Mein Kinn war selbstverständlich rasiert, nur eben morgens, und da es gerade Abend war und zwischen dem gegenwärtigen Zeitpunkt und der morgendliche Rasur gute zwölf Stunden lagen, kratzte es nun mal ein wenig... 
"'Kennen' ist zuviel des Guten. Er war mein direkter Vorgesetzter, aber gesehen haben wir uns so gut wie nie, sieht man von den üblichen Stabsbesprechungen einmal ab", sagte ich und grinste kurz. "Jeder Kommandeur, der seine Truppe noch nicht auf Valerianus hat schwören lassen, macht sich verdächtig, Titus. Ihm blieb nichts anderes übrig, selbst wenn er nicht hinter dem Kaiser stünde. Aber du hast ganz recht, der Vinicier ist kaisertreu, so wie sein Bruder auch. Hungaricus, den praefectus urbi - du kennst ihn doch?" fragte ich nach und nahm erneut einen Schluck Wein. Selbstverständlich schmeckte er pur am besten, doch hatte die unverdünnte Flüssigkeit zudem die Eigenschaft, recht schnell auf Zunge und Geist einzuwirken. Noch verspürte ich allerdings nur eine angenehme Wärme in der Bauchgegend, die mir zudem das wölfische Grinsen erleichterte.
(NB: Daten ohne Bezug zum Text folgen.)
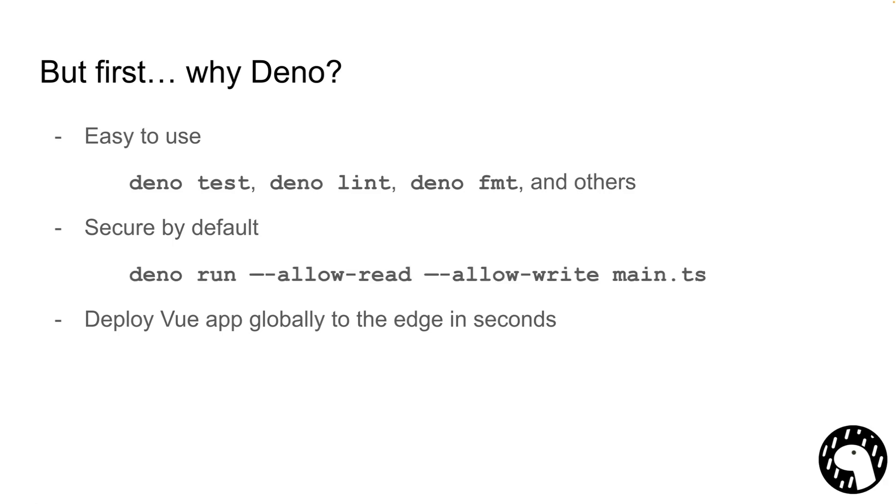Besides that, Dino is secure by default, so unless you opt in using these allow flags, Dino won't be able to check your file system, talk to the internet, read environmental variables, or spawn subprocesses. And finally, you can deploy your apps to the edge in seconds using Dino Deploy, which is our serverless offering.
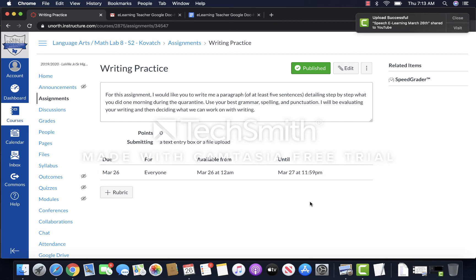I'm going to look at how well you did your writing and then determine where we need to go to improve your writing from here.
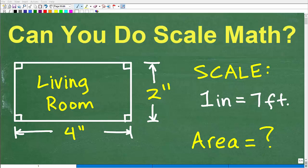Hello, this is John from TC Math Academy, and in this particular problem, we're going to look at a scale drawing. So here we have a living room, and this is in a particular scale. The scale is 1 inch is equal to 7 feet.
"Wenn es dir nur um eine schneidige Germanin ginge, müsstest du dich nicht einmal nach Germanien begeben. Manchmal glaube ich, wir haben die meisten germanischstämmigen Sklaven in ganz Rom", witzelte ich - nicht ahnend, wie groß der Wahrheit Kern in diesen unbedacht gewählten Worten doch war. Hätte ich es geahnt, wäre der Abend wohl anders verlaufen als geplant. Es gab nur weniges, das ich ganz ausdrücklich untersagte, doch wer mich kannte, der wusste, dass ich es dann bitterernst meinte, wenn ich es tat. So aber dachte ich mir nichts weiter dabei und nickte nur. "Natürlich, nichts anderes habe ich auch erwartet, Titus. Und wenn du Sertorio mitnehmen möchtest, kannst du das gern tun. Niki kam jahrelang allein mit den anderen aus, da wird sie ein weiteres Jahr nicht umbringen", fuhr ich fort. "Das kann man tatsächlich nur hoffen. Caelyn sollte vorerst nicht mehr allein umherwandern, damit so etwas nicht nochmals passiert. Aber daran hast du sicher gedacht. Was Lucius Funeribus betrifft...nein, du kennst ihn nicht. Er war schon Klient meines Vaters, kein allzu großes Licht, wenn du verstehst. Aber er ist treu und hat das Herz am rechten Fleck. Ich bin mir sicher, dass er zusammen mit Matho ein Auge auf die Gruppe werfen wird." Genaugenommen war ich mir da gar nicht so sicher, sondern hoffte einfach das Beste - was in diesem Fall bedeutete, dass der alte Lucius noch lebte, wenn die aurelische Truppe wieder hier ankam.... "Nicht länger als es notwendig ist", schloss ich schließlich.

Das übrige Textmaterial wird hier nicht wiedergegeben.